Все вопросы снимает красноречивая неувязка: встык с любовной интрижкой монтируются кадры лагерной хроники — живые скелеты, бульдозер, сваливающий в яму трупы изможденных жертв… Затем советский прокурор демонстрирует высушенную человеческую голову, украшавшую стол лагерного фюрера. Нашел чем удивить: британские судьи не одну сотню лет созерцали над своими каминами эдакие сувениры!

Здесь и там примечательны не псевдожанровые глупости, а железные закономерности — так же как и у «Праведника», в «Нюрнберге» обнаруживаются три сотни геройских «спартанцев», выживший из ума «ксеркс» и всюду снующая ведьма. Откуда берутся эти «рифмы»? Возможно, создателей покусала одна и та же муха, или подвернулась вумная книжка «как снять аттракцион», а может, просто спустили общий «темник»... Режиссерам оставалось лишь законопатить техзадание «я-так-видением» и с данной задачей они кое-как справились, обесценив вклад собственных творческих групп — актерского ансамбля «Праведника», воссоздавших Нюрнберг художников и последнюю, апокалиптичную партитуру Эдуарда Артемьева.

Что может быть досаднее творческих неудач? Например, пляски на костях реальных жертв геноцида, а еще — обесценивающая сопереживание имитация киноязыка, или судьба народа, от лица которого всему миру предъявляются подмены святого и страшного пошлым и глупым...

С высоких трибун декларируется борьба с «переписыванием истории», между тем возрастающая доступность информации и конфликтность точек зрения актуализируют повсеместную ревизию «непереписываемой». Избежать ее невозможно, ведь проблема не в отдельных подлогах, а тотальных замалчиваниях и искажениях судьбоносных событий, порождающих брожения умов и эскалацию закатанных в асфальт драм, конфликтов и смыслов. Накопившиеся за века фальсификаций подмены, передергивания, замалчивания оставляют уродливые отпечатки на художественном творчестве и перегружают массовое сознание тотальным неврозом. Кризис идентичности охватывает сегодня все области гуманитарного знания и достигает крайних степеней обесчеловечивания: утрачивая историческую память, жертвы бескультурья отрекаются от языка, веры, крови, озлобляются и все неистовее самоистребляются...

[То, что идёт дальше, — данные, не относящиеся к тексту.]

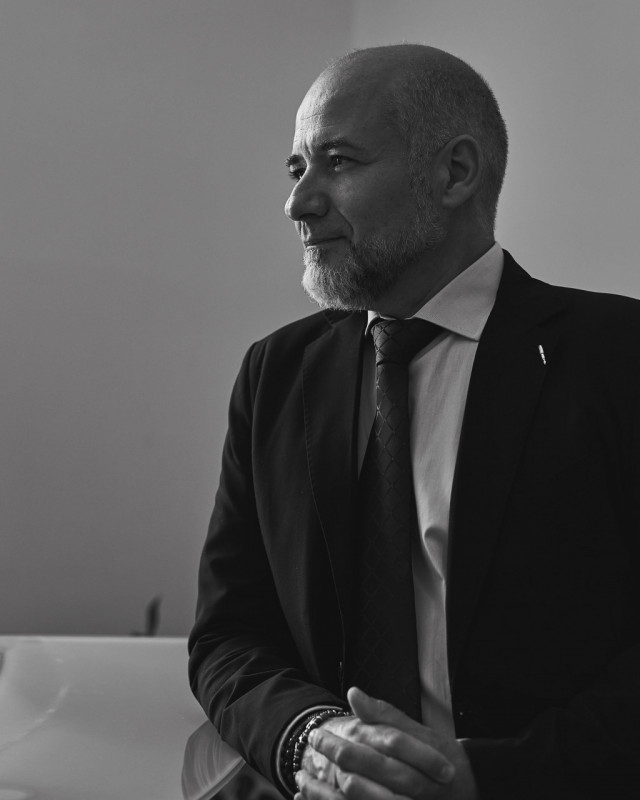 CAMISANO VICENTINO - C.E.F - ABITARE IN CENTRO in una signorile Villa con GIARDINO privato. La ca...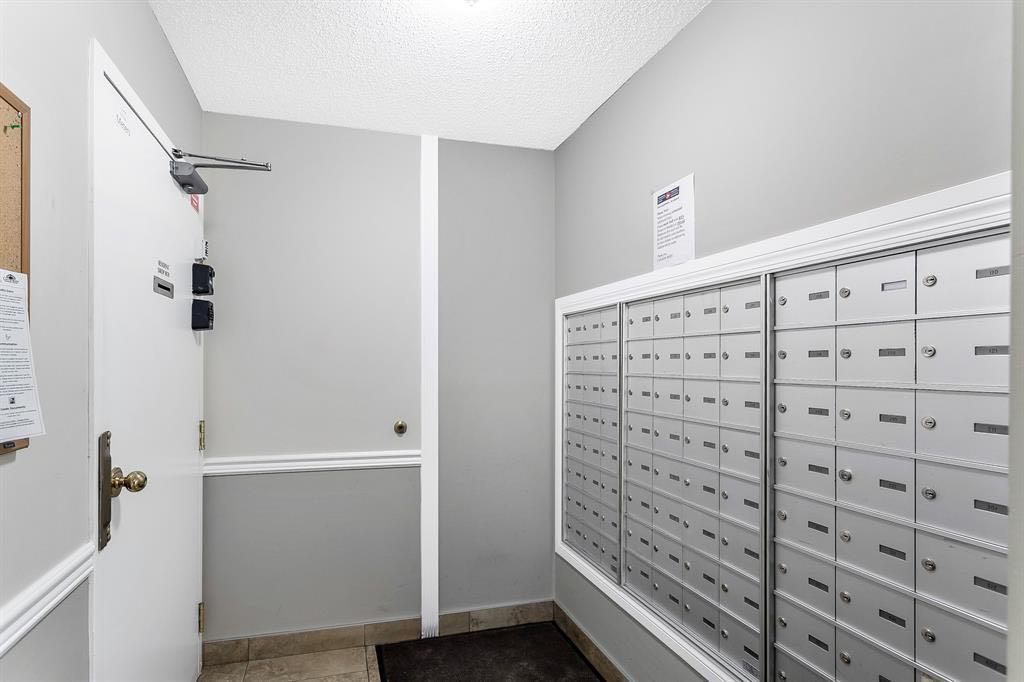 Picture for 305, 290 Shawville Way SE
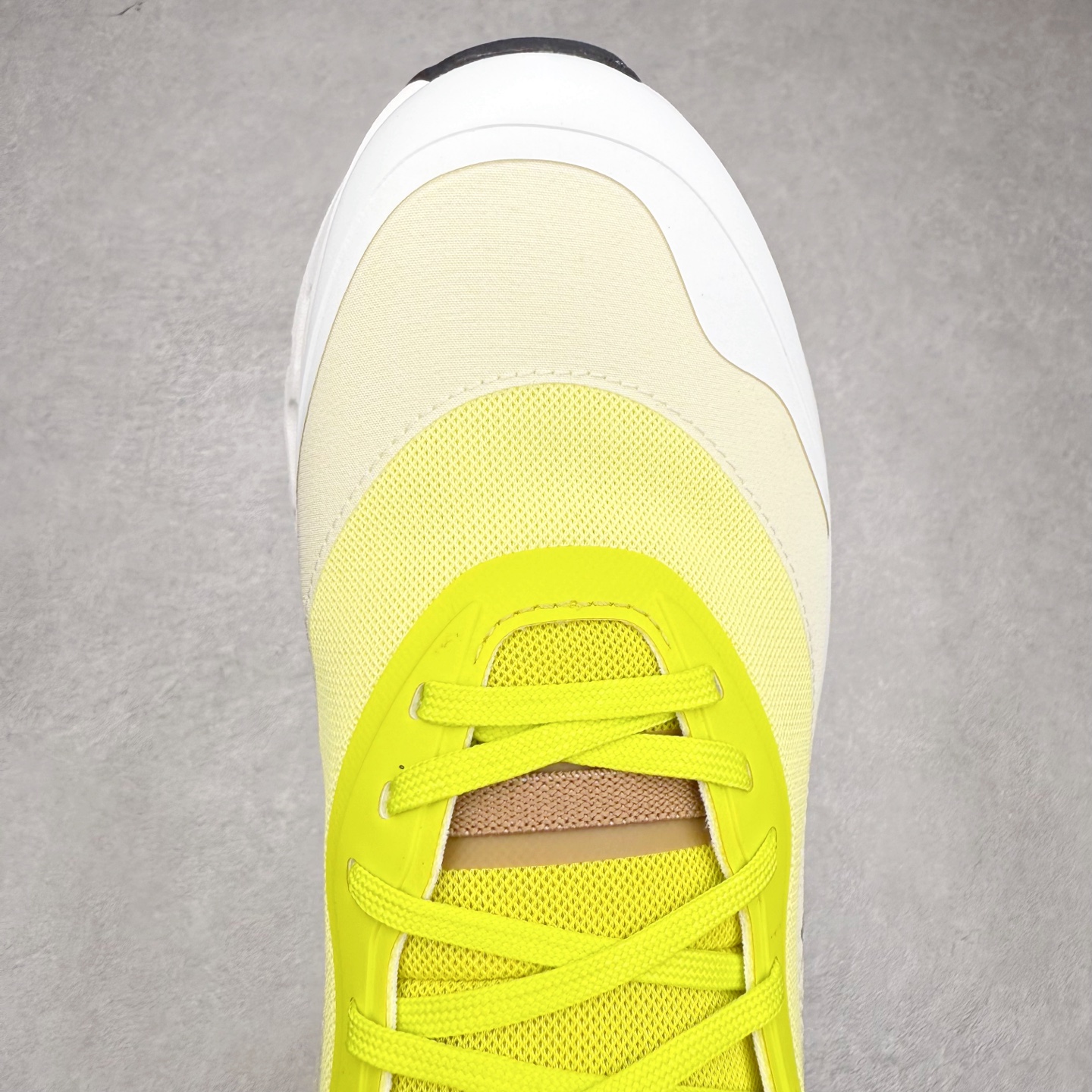 图片[4]-＃M纯原 LOEWE x On Cloudtilt 2.0 昂跑罗意威联名 圆头系带生活休闲鞋 此运动品牌 开创于2010年 缓震着陆、强效回弹、轻柔质感的设计构思始终是ON研制关键 与此同时基于“为全球提供革新性的跑步感受”信念 陆续推出了多款跑鞋及其以专业运动人体跑步工程学为设计关键的功能性跑步服饰设备 让跑者不费力气地畅快畅跑 尺码：36 36.5 37.5 38 38.5 39 40 40.5 41 42 42.5 43 44 44.5 45 46-选品中心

Между тем из кризиса можно извлечь некоторую пользу. Во-первых, он манифестирует приоритет реанимации изолгавшейся «исторической науки» — сопоставления не учебников, а источников, проведения тщательной ревизии и выработке взрослой историософии. Во-вторых, искажения картинок изощряют зрительскую оптику и позволяют изучить хозяев дискурса. В кинематографе их личины проявляются особенно наглядно и выпукло: с одной стороны, мастерам экрана предписывается свобода творчества в заранее намеченных рамках, с другой — машинерия важнейшего из искусств оказывается изоморфна неуклюжему сюжетообразованию осыпающейся картины мира.

О «непереписывании» говорить поздновато — история ХХ века еще не написана. На повестке дня стоит пересмотр ее тотальной подделки, запущенной в тот самый миг, когда Нюрнбергский процесс был признан окончательным осуждением нацизма. На деле, он стал операцией прикрытия: «осудившие» германских палачей британские кукловоды избежали ответа за развязывание бойни, итоги которой оказались непросто не подведены, а дьявольски искажены, и этот подлог сию минуту запускает маховик Третьей мировой. Закономерно, что ее движущей силой выступает интернационал нацистских бенефициаров — потомков униатских палачей, реконструкторов Третьего рейха, «сверхчеловеков» и британских джентльменов, прилежно насаждающих карго-культ Молоха.